The Right to Request Remote Working – A Step Forward or a Step Back?

remote work desk with open laptop

by Joanne Hyde, Partner and Head of the Employment Law Unit and Head of Commercial, Eversheds Sutherland Ireland

Last month the Government published the Draft Scheme of the Right to Request Remote Working Bill, with the legislation envisaged to come into effect by July 2022. The legislation will provide a legal framework for workers to request remote work and reflects the Government’s stated intention to make remote working a permanent feature of Irish workplaces. However, the Draft Scheme has been met with disappointment and, indeed, scepticism and it is worth examining what this new law may mean for both employers and employees.

As drafted, the new law will give all employees with more than 26 weeks’ service the right to request remote working. An employee cannot submit a new request until after 12 months have elapsed unless they have moved to a substantially different role. The Draft Scheme envisages a level of formality in making and responding to the request, including the employee themselves dong a self-assessment of the suitability of the remote working location under a number of different headings. The employer will have 12 weeks to issue a decision in writing and can propose that the remote working arrangement be on a trial or temporary basis or be subject to ongoing review.

A lot of focus has been placed on the non-exhaustive list of thirteen potential reasons on which an employer may refuse a request to remote work. The Draft Scheme states that the assessment is “wholly subjective” and based on the employer’s own “subjective assessment of their business needs”. It states that the employer has “full discretion to decline” and all that is required is that the decision is grounded in an assessment of business needs rather than on spurious or arbitrary grounds.

There is also limited scope for legal redress for a disappointed employee. An employee can bring a complaint to the Workplace Relations Commission where an employer has failed to adhere to the procedural aspects of the legislation, either by failing to give a decision or by failing to provide grounds for refusing the request. However, the right to make a complaint to the WRC does not extend to a right to complain about the “substance or merits” of the employer’s decision.

This combination of discretion to decline a request as long as it is based on a business ground and the absence of a legal remedy to challenge the refusal has led to criticism of the proposed legislation on the basis that it offers employees little new. By contrast, the longstanding UK legislation giving a right to request flexible working allows an employer to refuse the request on only one of eight specified grounds and the refusal must be objectively justified and not discriminatory.
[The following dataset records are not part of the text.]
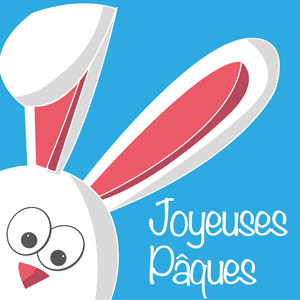 Image de lapin de Pâques avec une phrase de voeux joyeuses Pâques. Le lapin de Pâques comme l'œuf de Pâques a toujours été un symbole de cette célèbre fête.
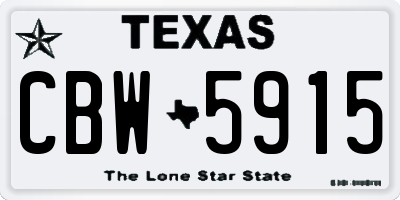 TX license plate CBW5915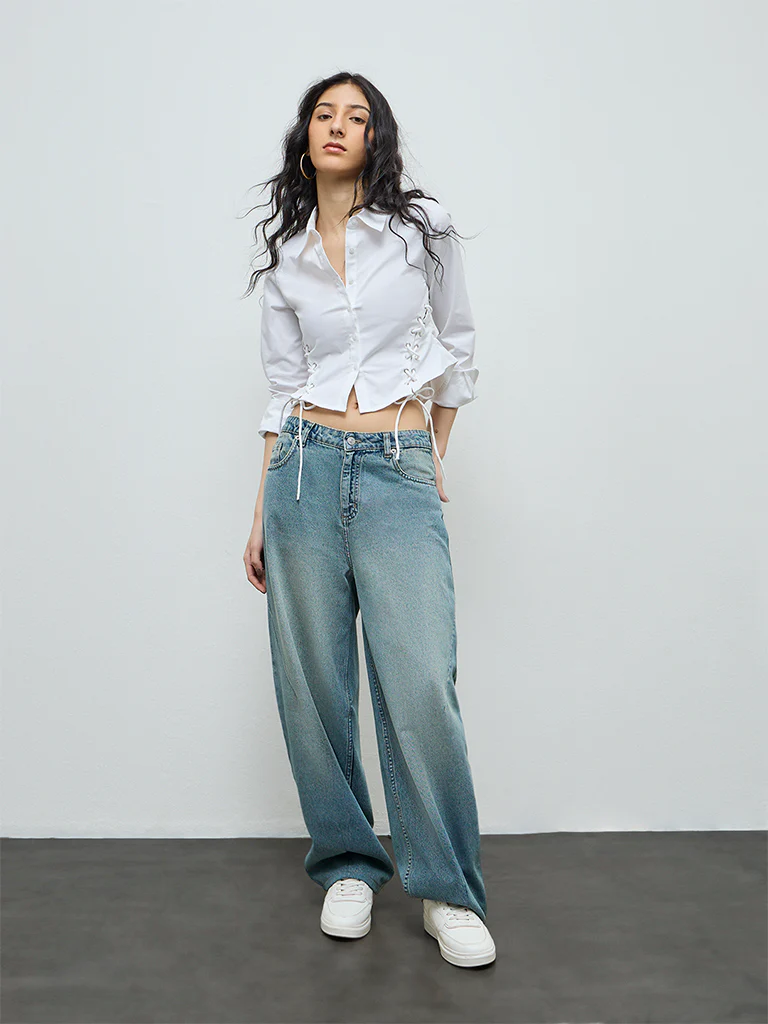 Nuon White Criss-Cross Detailed Cotton Shirt - Image 2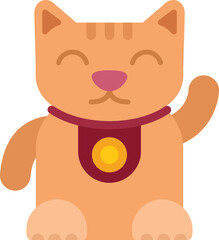 Lucky kitty icon flat vector. Maneki cat. Animal toy isolated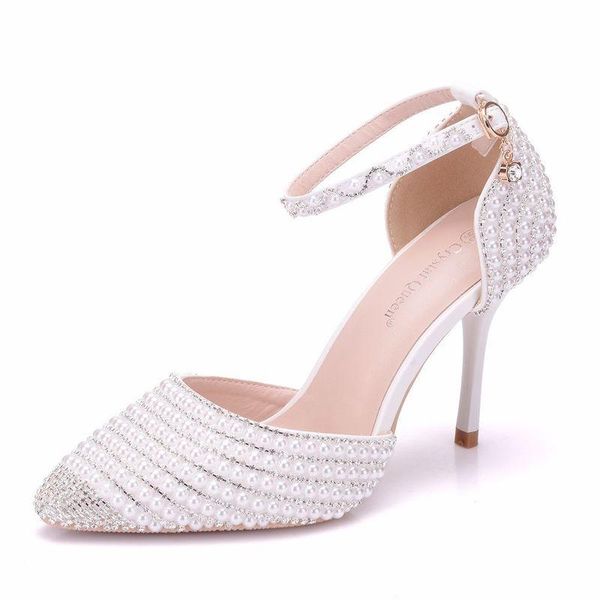 women sandals wedding party pu rhinestones buckle strap 9.5cm thin high heels pointed toe sandal for shoes size 35-42, Black
women sandals wedding party pu rhinestones buckle strap 9.5cm thin high heels pointed toe sandal for shoes size 35-42, Black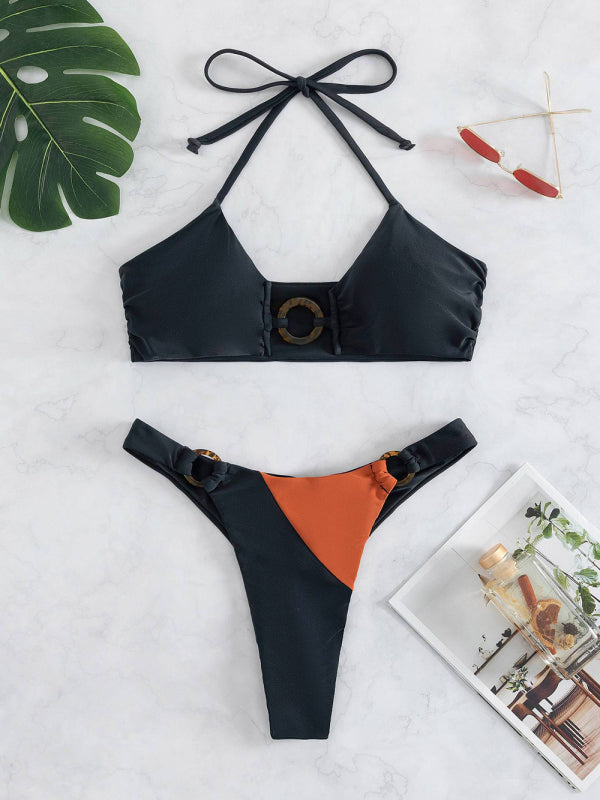 Swimwear- Color Block Wireless Brazilian Halter 2-Piece Bikini Set- - Pekosa Women Clothing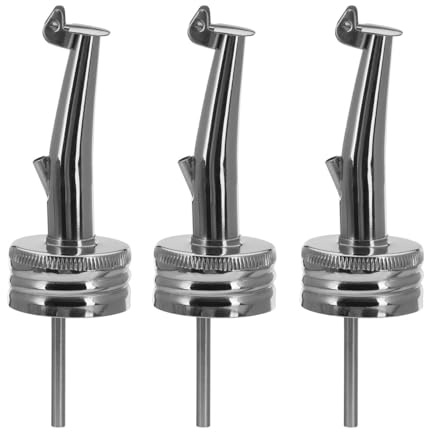 Westmark 3 Spirituosen-/Öl-Ausgießer für Flaschen mit Schraubgewinde, Ø 28 mm, mit Kläppchen, mit Luftröhrchen, Metall/rostfreier Edelstahl, Inox Gastro, Silber, 452022E3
So, inevitably, the question is being asked as to what, if any, legal remedy might be open to an employee who feels that their request to work remotely has been unfairly refused. It is likely that legal claims may be grounded in other legislation. For example, we have already seen successful cases of constructive unfair dismissal where employees were not fairly considered for remote working during the pandemic. Refusals to consider remote working requests under the new regime may result in similar claims. Likewise, the Employment Equality Acts may become relevant. Those Acts prohibit direct or indirect discrimination on the grounds of nine protected characteristics, including gender, family status and disability. We can envisage scenarios where remote working may be requested on the grounds of a particular family status or circumstance or as accommodation on the basis of a medical condition of the employee or a family member. It is unclear as to how employers are to balance requests which may be formulated in the context of a protected characteristic and this is likely to be the basis of equality litigation.

The one clear piece of advice to employers in the meantime is to begin developing a clear, written policy on remote working and how requests will considered. Unusually, the Draft Scheme proposes that the failure to have such a policy will a criminal offence with a fine of up to €2,500. While a Code of Practice is promised on what should be in a policy, many employers are already putting their policies in place. They are reflecting on their own business needs and how to ensure fairness across the employee population so as to deal consistently with requests and avoid a situation where early requesters are granted fully remote working to the detriment of those who make later requests. Organisations are also struggling with how to manage remote and hybrid workforces so as to reduce complaints of bias against remote workers and a two speed workforce, which will itself lead to employee relations issues and legal claims.

So is it a question of a revolution in the workplace or the more things change, the more they stay the same? Only time will tell.

About the author 

Joanne Hyde is a Partner and Head of Employment Law at Eversheds Sutherland Ireland. She is also Head of the Commerical department. Joanne is a pragmatic and business focused employment lawyer. Her experience as in-house employment lawyer for Intel Corporation, one of Ireland’s leading multi-national employers has given her a strong insight into the HR concerns and complexities facing clients. In addition, Joanne has many years’ experience advising both international and indigenous clients on a wide range of employment and industrial relations issues. Her comprehensive experience includes advising on employment law challenges arising from commercial transactions, employment disputes and litigation as well as providing strategic and proactive advice on HR issues.